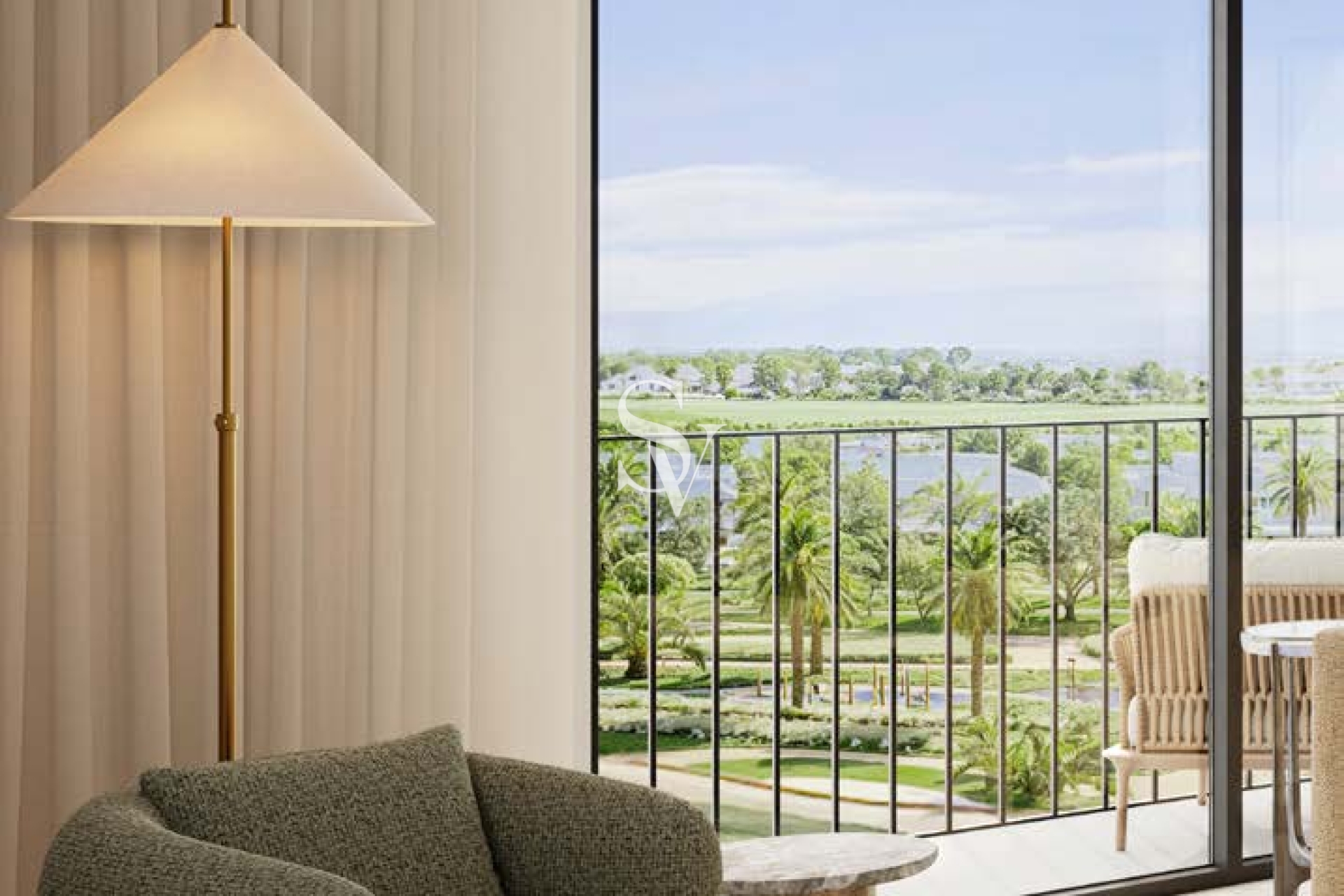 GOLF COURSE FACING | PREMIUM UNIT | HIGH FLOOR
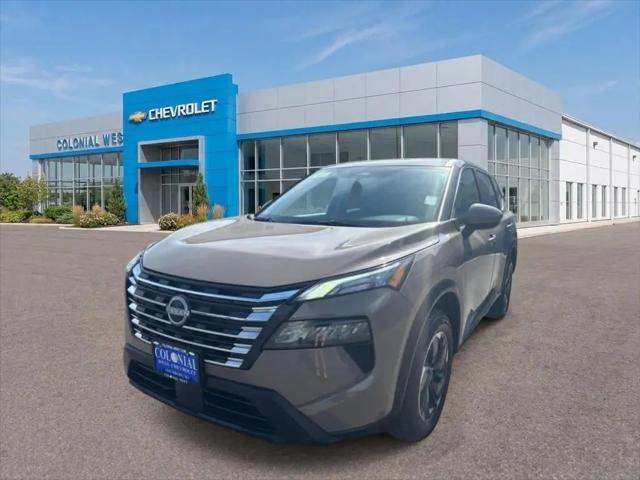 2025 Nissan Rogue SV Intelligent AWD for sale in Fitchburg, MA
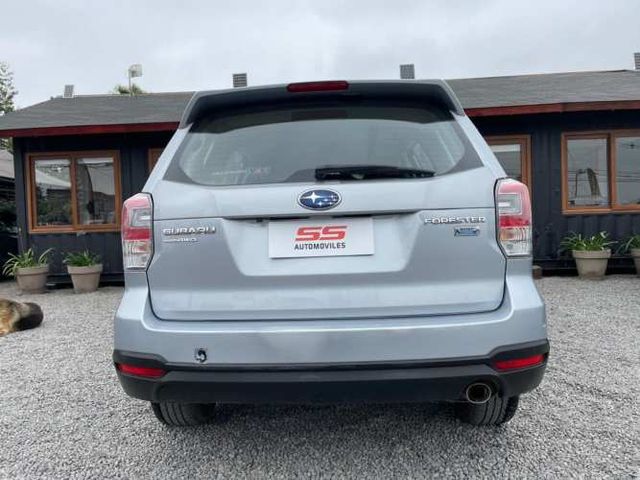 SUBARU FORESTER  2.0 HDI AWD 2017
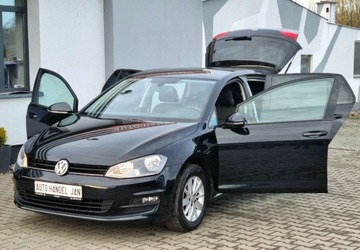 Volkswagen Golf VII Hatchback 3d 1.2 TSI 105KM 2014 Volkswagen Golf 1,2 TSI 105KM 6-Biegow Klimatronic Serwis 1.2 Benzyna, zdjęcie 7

Required action - Could the data above be returned in full, exactly, with every image left out?

Completed task -
 GOLF COURSE FACING | PREMIUM UNIT | HIGH FLOOR
 2025 Nissan Rogue SV Intelligent AWD for sale in Fitchburg, MA
 SUBARU FORESTER  2.0 HDI AWD 2017
 Volkswagen Golf VII Hatchback 3d 1.2 TSI 105KM 2014 Volkswagen Golf 1,2 TSI 105KM 6-Biegow Klimatronic Serwis 1.2 Benzyna, zdjęcie 7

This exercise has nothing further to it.